Ketika itu, Kolonel Bambang diperintahkan Soekarno untuk memanggil Mayjen Pranoto Reksosamudro yang telah ditunjuk sebagai caretaker Menteri/Panglima Angkatan Darat. Mayjen Pranoto sendiri, saat itu tengah ada di markas Kostrad.

Bambang pun kembali ke Halim dengan tangan hampa. Mayjen Soeharto, melarang Jenderal Pranoto pergi ke Halim. Bahkan yang dibawa Bambang, adalah ultimatum agar Presiden Soekarno segera angkat kaki dari Halim, sebelum tengah malam.

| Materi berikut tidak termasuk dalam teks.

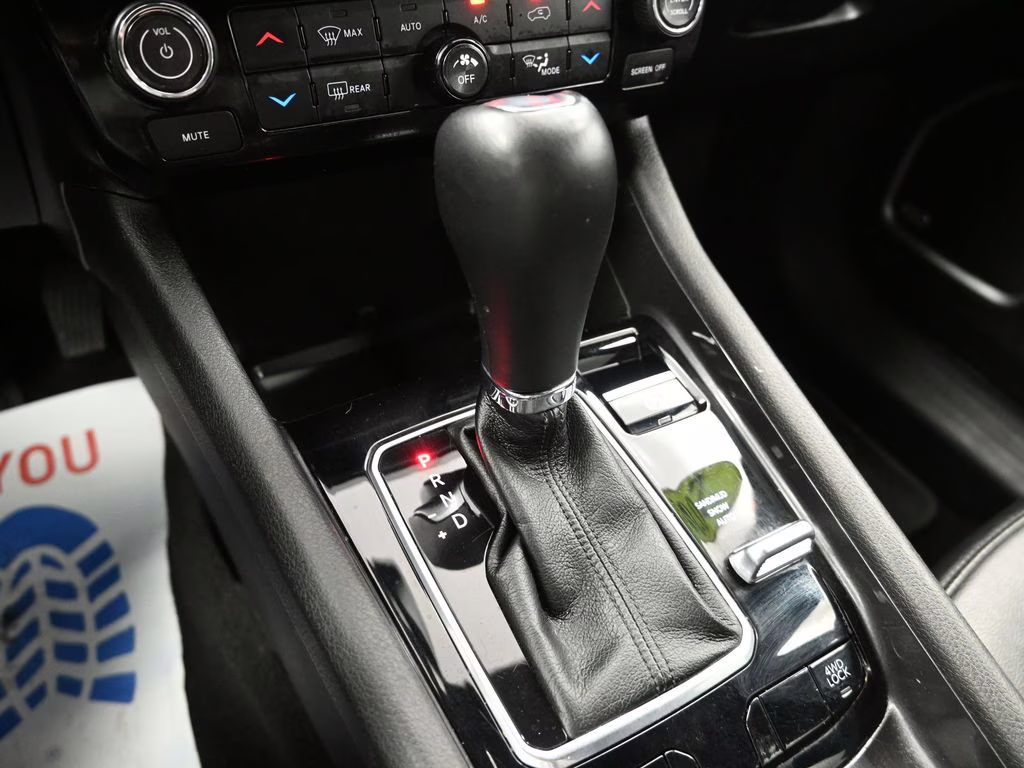 2025 Red Hot Pearlcoat Jeep Compass Latitude 4X4 SUV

Dalam bukunya, James menyebut gertakan Soeharto itu, menjadi titik balik dari kekuasaan Soekarno. Karena begitu ultimatum Soeharto itu dilaporkan oleh ajudannya Soekarno bersama beberapa pejabat negara yang ada di sana, segera membahas, kemana Presiden harus pergi.

Belum juga diputuskan, Brigjen Sabur, Komandan Cakrabirawa ditelpon Mayjen Soeharto. Brigjen Sabur diperintahkan Soeharto segera membawa Presiden Soekarno keluar dari Halim. "Presiden di PAU Halim, adalah berada di tempat yang salah," kata Soeharto pada Brigjen Sabur lewat sambungan telepon.

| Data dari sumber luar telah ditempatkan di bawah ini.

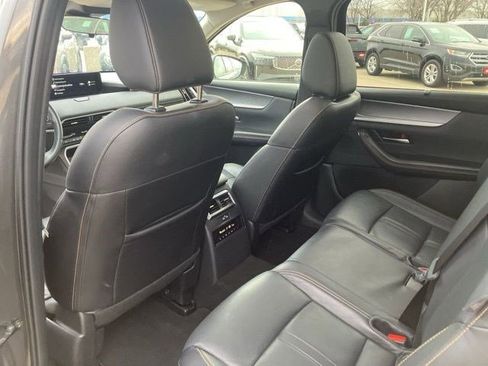 Used 2024 MAZDA CX-90 3.3 Turbo w/ Preferred Plus AWD/4WD image 23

Tidak hanya itu, lewat sambungan telepon, Mayjen Soeharto juga mengungkap, pasukan Kostrad akan mengejar pasukan G30S yang dicurigainya ada di Halim. Semua orang yang mendengar pembicaraan via telepon itu, bingung. Tidak terkecuali Soekarno. Bahkan kemudian Soekarno bertanya pada Omar Dhani. "Aku mau dibawa kemana?"

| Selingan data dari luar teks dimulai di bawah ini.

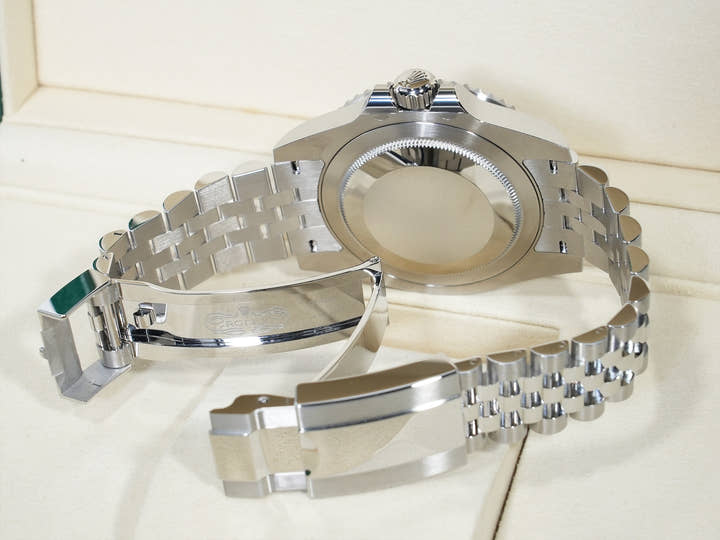 Rolex GMT-Master II Ref.126710GRNR Stainless Steel Black Dial Jubilee Bracelet Unused pkkgbepc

Omar Dhani sendiri mengatakan, Madiun bisa jadi pilihan, dengan alasan night landingnya paling baik. Semua yang hadir, memberi usulan. Tapi akhirnya, saran dari J Leimena yang dipilih. Presiden Soekarno disarankan untuk pergi ke Istana Bogor saja.

Akhirnya, Presiden Soekarno dengan dikawal beberapa personel pasukan menyingkir dari Halim menuju ke Istana Bogor lewat jalan darat. Menjelang tengah malam Presiden tiba di Istana Bogor.

Dengan menyingkirnya Soekarno dari Halim, menurut James, kepercayaan diri Soeharto bertambah besar. Ia makin percaya diri, dan merasa Soekarno tak sekuat yang dibayangkannya. Soeharto pun makin di atas angin berhadapan dengan Soekarno. Bisa dikatakan pula, sejak gertakan itu, tuah kekuasaan yang melekat di tangan Soekarno, perlahan terbang.

"Tidaklah berlebihan jika dikatakan bahwa dengan kepergian dari PAU Halim Perdanakusuma ke Istana Bogor pada tanggal 1 Oktober 1965 malam itu, menjadikan wahyu Cakraningrat (karisma yang harus dimiliki seorang raja untuk memerintah) yang selama ini melingkupi Presiden Soekarno mulai meredup," tulis James Luhulima dalam bukunya.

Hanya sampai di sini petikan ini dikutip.